The simplified two-tier GST structure and lower tax rates on daily essentials are expected to boost consumer confidence and spending, especially during the festive season, he stated.
"For the gem and jewellery sector, this presents a significant opportunity, as more consumers are now empowered to invest in jewellery, not just as adornment, but as a symbol of prosperity and financial security," Gupta added.
Saiyam Mehra, past Chairman GJC and director of Unique Chains and Jewels Limited, said, the next-gen GST reforms mark a pivotal moment for India's consumption-driven economy and by streamlining tax slabs and easing the burden on essential goods, the government has empowered consumers with greater purchasing power.

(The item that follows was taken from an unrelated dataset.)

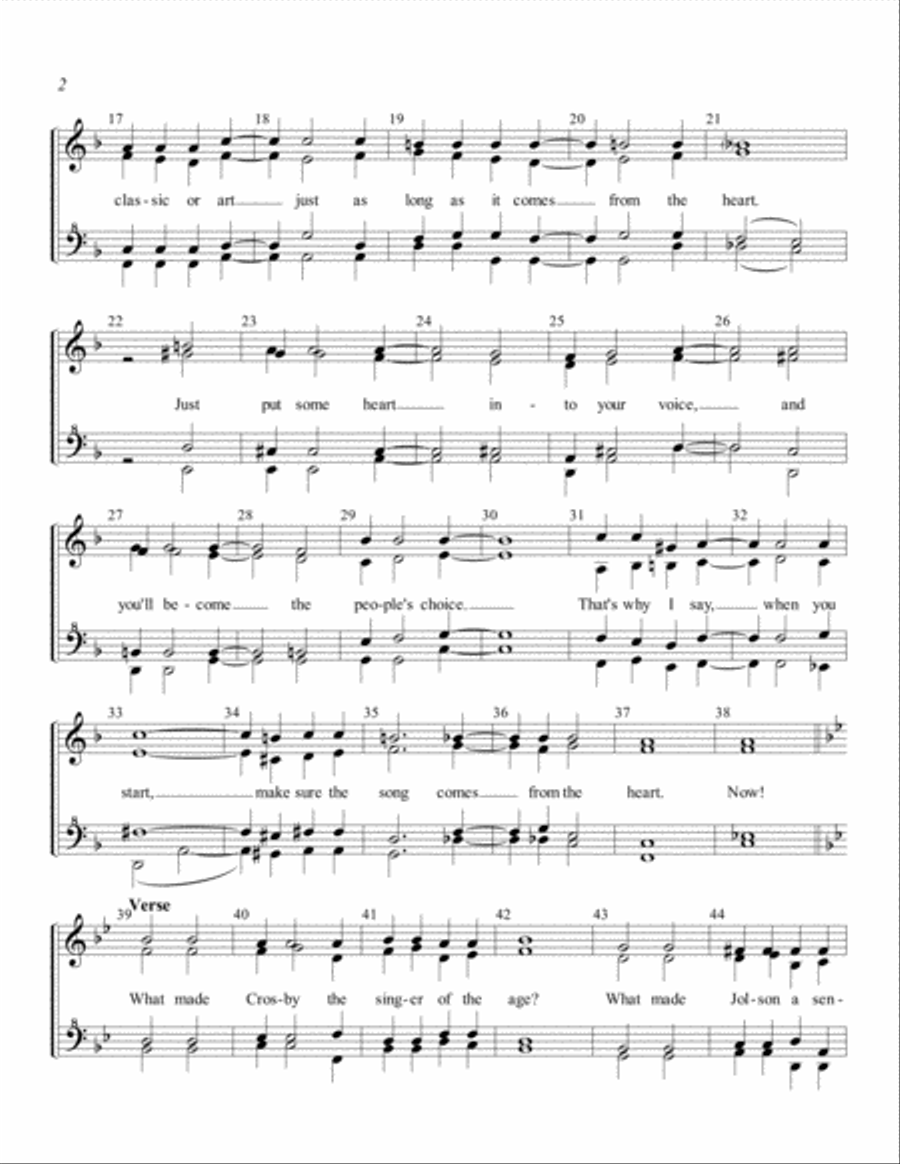 The Song's Gotta Come From The Heart SSAA scores gallery preview page 2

"For the gem and jewellery industry, this translates into renewed optimism, where jewellery is not just a luxury, but a preferred investment and cultural expression. We believe this reform will unlock fresh demand, especially from emerging markets and younger buyers seeking value and authenticity," he added.
However, RiddiSiddhi Bullions (RSBL) Managing Director Prithviraj Kothari said that the GST Council's announcement on maintaining 3 percent GST on gold and silver and 5 percent on jewellery-making charges has brought stability but comes with mixed results.
"For jewellers, it doesn't change how they do business as there is no relief on margins, despite their hopes of getting a rate cut, in order to stimulate demand, to the end-consumer. Higher costs may still have a detrimental impact on affordability, particularly during the festive season," he said.
For investors, unchanged GST provides clarity to the buyer, and also does not create havoc in the market, however, entry costs remain slightly high compared to global benchmarks, said Kothari.
"On the one hand, the decision should defend the government's revenue stream, but both jewellers and buyers may feel that their growth opportunities remain hindered," he added.